Questions from non-technical users often take multiple rounds of clarifications and edits to make them answerable. That makes it easy for them to get into reopen review before they're ready, and then fail to get reopened. Once a question is out of the review queue, there is permanently no mechanism to get it in front of reopen voters. So you experience situations like this:
- You edit a closed question that has a fixable problem, but it doesn't attract any reopen votes.
- You vote to reopen a closed question that looks fixed, but your vote is the only one it gets.
- You see a bad, closed question get fixed, then it starts gathering reopen votes and looks like it should reopen quickly. But then it stalls and gets no more reopen votes.
- You see a closed question get fixed and it starts attracting reopen votes, and you prepare an answer so you can be an early poster when it reopens. But it never does.

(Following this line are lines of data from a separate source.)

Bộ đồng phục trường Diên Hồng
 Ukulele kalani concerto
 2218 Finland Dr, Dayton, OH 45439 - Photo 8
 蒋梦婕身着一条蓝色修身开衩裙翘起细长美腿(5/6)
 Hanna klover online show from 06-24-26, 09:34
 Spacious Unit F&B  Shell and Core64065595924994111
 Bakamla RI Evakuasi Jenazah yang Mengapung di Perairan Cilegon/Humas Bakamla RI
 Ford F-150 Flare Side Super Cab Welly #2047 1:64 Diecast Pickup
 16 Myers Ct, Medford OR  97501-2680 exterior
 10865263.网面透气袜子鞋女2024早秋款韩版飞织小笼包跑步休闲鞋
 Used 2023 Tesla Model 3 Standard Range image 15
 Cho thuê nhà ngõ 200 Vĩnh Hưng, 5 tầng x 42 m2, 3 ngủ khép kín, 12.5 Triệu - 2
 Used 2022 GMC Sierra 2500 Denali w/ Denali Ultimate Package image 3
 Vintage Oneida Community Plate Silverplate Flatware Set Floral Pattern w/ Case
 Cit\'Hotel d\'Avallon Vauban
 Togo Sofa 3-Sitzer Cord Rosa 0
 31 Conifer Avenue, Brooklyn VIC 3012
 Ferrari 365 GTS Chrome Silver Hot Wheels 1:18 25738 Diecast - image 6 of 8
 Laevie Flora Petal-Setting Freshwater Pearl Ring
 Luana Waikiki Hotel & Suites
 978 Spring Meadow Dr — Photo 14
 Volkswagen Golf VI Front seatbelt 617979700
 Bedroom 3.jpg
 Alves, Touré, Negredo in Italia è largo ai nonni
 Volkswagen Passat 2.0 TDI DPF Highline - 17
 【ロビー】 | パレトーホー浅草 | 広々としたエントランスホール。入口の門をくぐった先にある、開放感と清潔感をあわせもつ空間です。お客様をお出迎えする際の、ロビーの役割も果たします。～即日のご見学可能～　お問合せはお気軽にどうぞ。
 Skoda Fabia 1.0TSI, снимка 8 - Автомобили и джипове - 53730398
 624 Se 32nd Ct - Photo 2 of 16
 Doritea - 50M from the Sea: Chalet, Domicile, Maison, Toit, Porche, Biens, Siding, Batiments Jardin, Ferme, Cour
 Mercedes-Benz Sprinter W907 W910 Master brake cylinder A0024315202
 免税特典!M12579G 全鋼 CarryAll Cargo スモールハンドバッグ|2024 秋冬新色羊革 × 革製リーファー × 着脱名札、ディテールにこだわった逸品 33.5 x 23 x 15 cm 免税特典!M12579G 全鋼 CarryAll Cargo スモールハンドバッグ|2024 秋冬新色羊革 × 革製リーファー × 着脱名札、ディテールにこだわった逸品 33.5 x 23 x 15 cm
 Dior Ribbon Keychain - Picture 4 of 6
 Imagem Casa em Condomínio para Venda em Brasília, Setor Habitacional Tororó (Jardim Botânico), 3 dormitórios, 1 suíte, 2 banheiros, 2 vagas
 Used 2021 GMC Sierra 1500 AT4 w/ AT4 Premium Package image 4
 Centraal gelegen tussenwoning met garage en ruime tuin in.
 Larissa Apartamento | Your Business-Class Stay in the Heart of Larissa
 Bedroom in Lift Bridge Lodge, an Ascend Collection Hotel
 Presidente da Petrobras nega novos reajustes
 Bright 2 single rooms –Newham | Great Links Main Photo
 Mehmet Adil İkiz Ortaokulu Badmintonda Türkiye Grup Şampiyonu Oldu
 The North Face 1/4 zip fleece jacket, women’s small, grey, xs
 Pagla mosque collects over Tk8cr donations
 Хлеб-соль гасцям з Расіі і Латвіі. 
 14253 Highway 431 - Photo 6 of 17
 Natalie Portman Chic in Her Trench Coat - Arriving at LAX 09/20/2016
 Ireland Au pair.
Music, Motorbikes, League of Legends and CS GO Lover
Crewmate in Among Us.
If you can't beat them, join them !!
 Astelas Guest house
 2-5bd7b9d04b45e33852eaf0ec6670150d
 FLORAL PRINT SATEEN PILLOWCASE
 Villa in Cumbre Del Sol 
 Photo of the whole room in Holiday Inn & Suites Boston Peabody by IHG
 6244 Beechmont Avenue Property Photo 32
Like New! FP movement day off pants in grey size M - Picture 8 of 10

- You notice a lot of closed questions with some reopen votes, but their vote count never seems to go up.
- You assume reopen votes aren't coming in because it's a slow day, or not enough people are working the review queues. But days go by with no vote increase.
- You check a fixed question's timeline to verify that it has had the benefit of reopen review, and sure enough it has. The community voted to leave it closed (but it isn't evident that it happened before the question was fixed).
Your assumptions about what's happening are based on the activity you see on the question, but there is no information there about the reopen queue, which changes everything. If you were aware that the question had already failed review, you would know that your actions on the post, or waiting, will not lead to reopening; only external intervention will do that. So many of these questions, that have been fixed, end up needlessly remaining closed and fading into oblivion.
Well that sucks! Don't we have a way to know at a glance the context that the question failed review?